Dass den beiden rechten Sozialdemokraten dennoch nichts anderes einfällt,
führt ihren gleichzeitig geäußerten Anspruch auf ein neues Superressort
Stadtentwicklung und Verkehr ad absurdum; zumal sich viele noch an die
tristen Jahrzehnte sozialdemokratischer Wohnungspolitik erinnern dürften.
Getoppt wird das Ganze mit der inhaltlichen Leerstelle, wie die Autostadt
zu einer klimagerechten Metropole mit neuen Mobilitätskonzepten umgestaltet
werden kann.
Zentral im Wahlkampf soll das Thema Bildung werden, ein Ressort, für das
die SPD seit 1999 ununterbrochen die Verantwortung trägt. Wie schulischer
Erfolg vom sozialen Status des Elternhauses entkoppelt werden kann, bleibt
trotzdem offen. Auch wird das bloße Versprechen auf mehr Digitalisierung
keine Wähler*innen überzeugen.
Ebenso wenig wie das Versprechen, konsequent gegen den Linksextremismus –
wie zuletzt in der [8][Liebigstraße] – durchzugreifen. Den polizeilichen
Ausnahmezustand zugunsten eines Wohnraumspekulanten lehnten in einer
Tagesspiegel-Umfrage gerade 70 Prozent der Berliner*innen ab.

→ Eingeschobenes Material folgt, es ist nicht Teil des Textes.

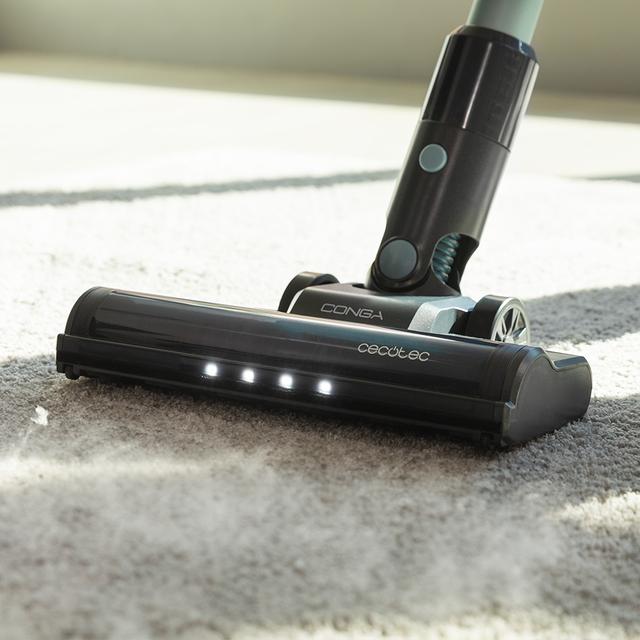 Cecotec Conga Rockstar 1500 Ray Jalisco Aspirador Escoba Sin Cables Sin Bolsa 3 En 1 Con Ciclón Paralelo. Potencia 215 W Y 12 KPa. 60 Minutos De Autonomía. Cepillo Jalisco Y Depósito De 500 Ml. Aspirador Escoba Sin Cables Sin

Bezeichnend
ist auch, dass der ehemaligen Neuköllner Bürgermeisterin kein Wort zum
[9][rechten Terror im Bezirk] einfällt.
Giffey und Saleh haben entschieden, das sozialdemokratische Terrain Grünen
und Linken zu überlassen, um ein paar Stimmen von der CDU abzugraben.
Sozialdemokratische Regierungspolitik geht dann wohl doch nur ohne SPD.
19 Oct 2020
## LINKS
[1] /Mietendeckel-die-Praxis/!5656467
[2] /Berliner-Polizeigesetz/!5689604
[3] /SPD-Fraktionschef-ueber-seine-Ambitionen/!5694279
[4] /Kampf-um-SPD-Vorsitz-in-Berlin/!5692677
[5] https://www.tagesspiegel.de/berlin/interview-mit-berliner-spd-spitze-giffey…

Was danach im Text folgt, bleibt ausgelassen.